Trotz Johnsons Brexit-Kompromiss: EU hält an Ultimatum fest

17.09.2020 18:01

Brüssel/London (dpa) - Die EU-Kommission pocht weiter darauf, dass
die britische Regierung umstrittene Pläne zur Änderung des gültigen
Brexit-Vertrags bis Ende September zurückzieht. «Daran hat sich
nichts geändert», sagte Kommissionssprecher Eric Mamer am Donnerstag
auf eine Frage zum britischen Binnenmarktgesetz.

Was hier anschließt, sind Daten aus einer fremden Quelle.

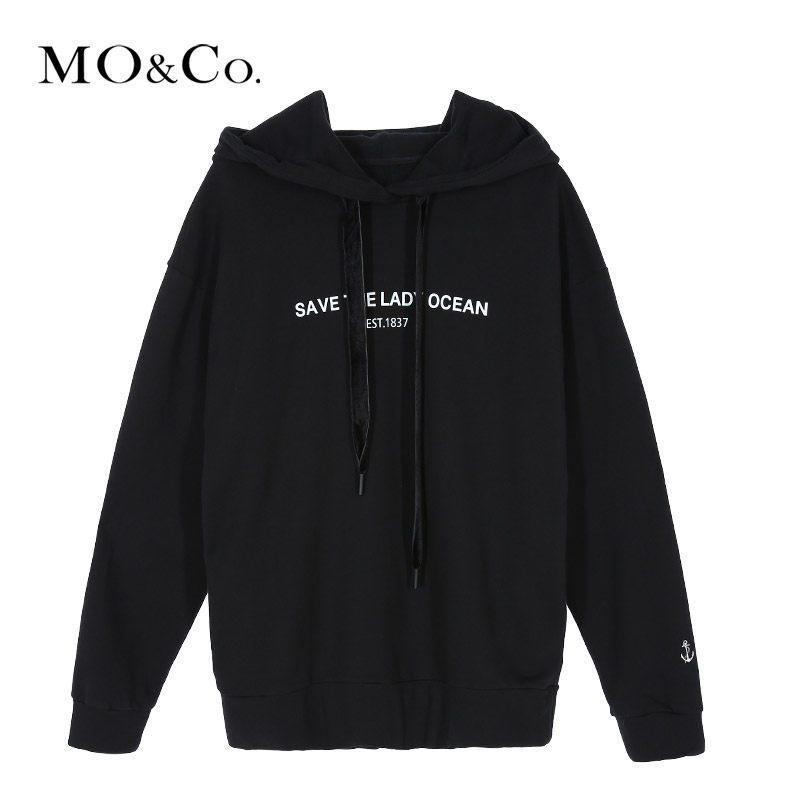 MOCO连帽套头字母中长款宽松慵懒风卫衣女秋冬摩安珂 S/160 黑色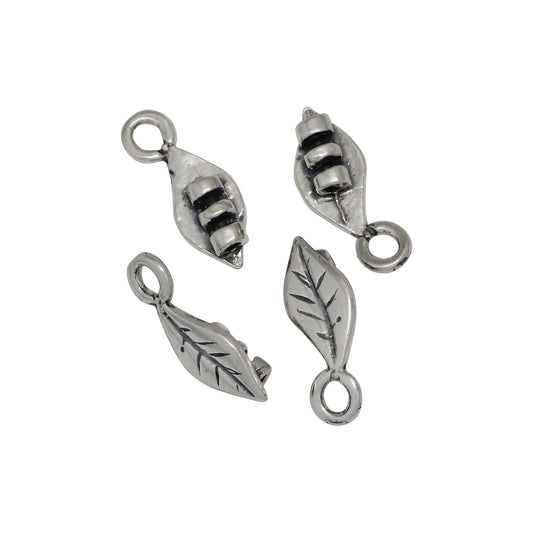 Sterling Silver, 5.7mm Width by 3.4mm Length by 15.1mm Height, Fancy Leaf Leather End Cap With 4.3mm Fix Ring. Quantity Per Pack: 4 Pieces.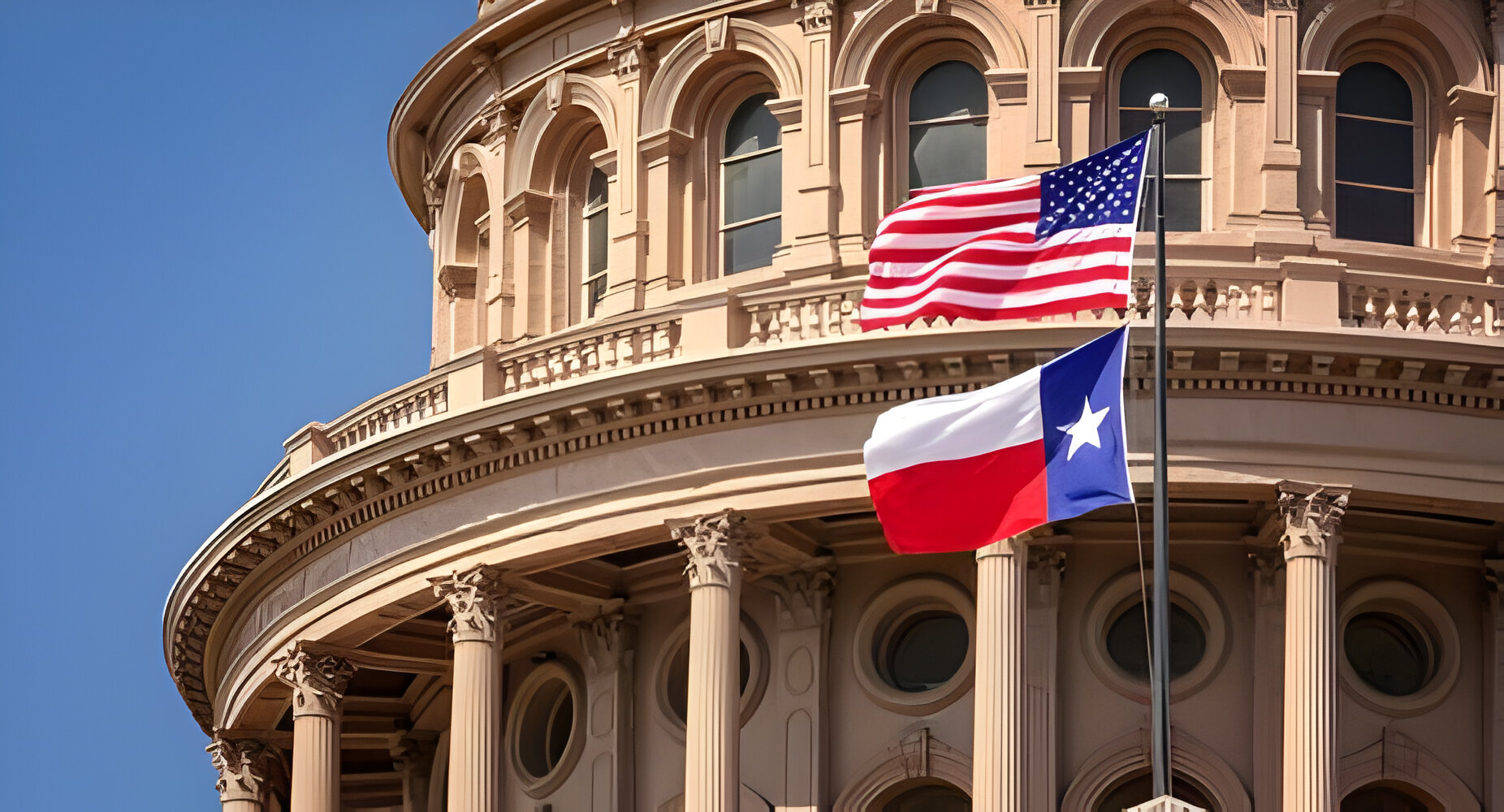 Chauffeur service Texas with US and Texas Flags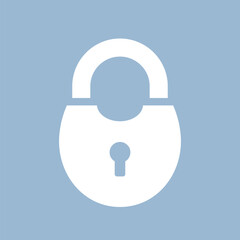 Padlock vector icon on blue background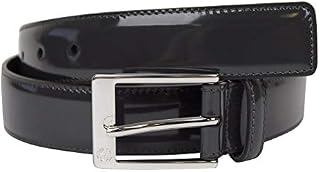 Gucci Men's Square Dark Gray Patent Leather Belt With GG Detail Buckle 345658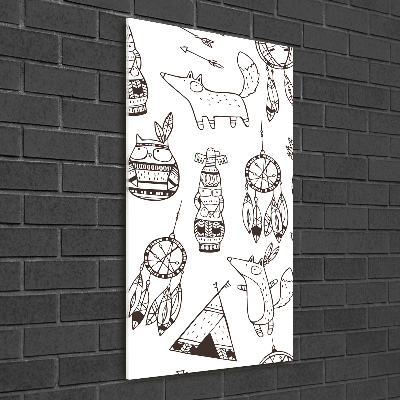 Quadro in vetro acrilico verticale Origini indiane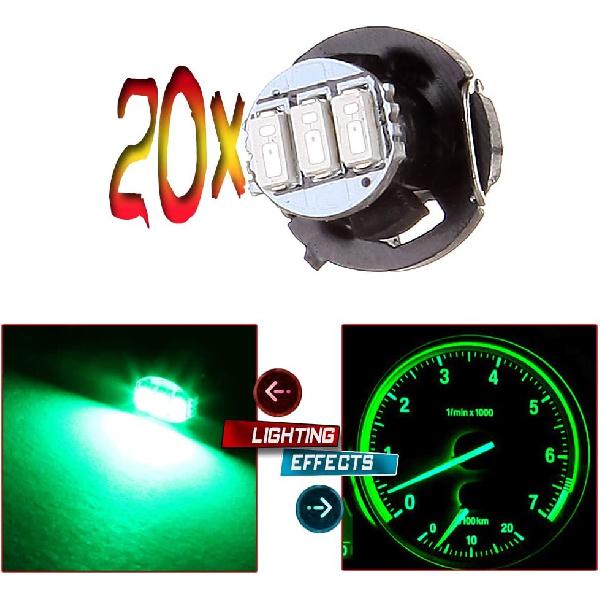 cciyu 20 Pack T4/T4.2 Green Neo Wedge 3LED A/C Light Bulbs Replacement For Indicator Light Instrument Panel Light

Das geplante Gesetz verstößt nach einem Eingeständnis der britischen

Regierung in Teilen gegen den 2019 zwischen Brüssel und London
ausgehandelten Brexit-Vertrag. Da dies auch viele Abgeordnete im
Unterhaus kritisch sehen, hat Premier Boris Johnson dem Parlament
zusätzliche Kontrolle über die Anwendung der umstrittenen Klauseln
versprochen.

Der Premier einigte sich mit seinen parteiinternen Kritikern darauf,
dass die geplanten Maßnahmen nur im äußersten Notfall zum Einsatz
kommen sollten. Einen solchen Fall müsste die Regierung dem Parlament
schlüssig erklären und erneut abstimmen lassen.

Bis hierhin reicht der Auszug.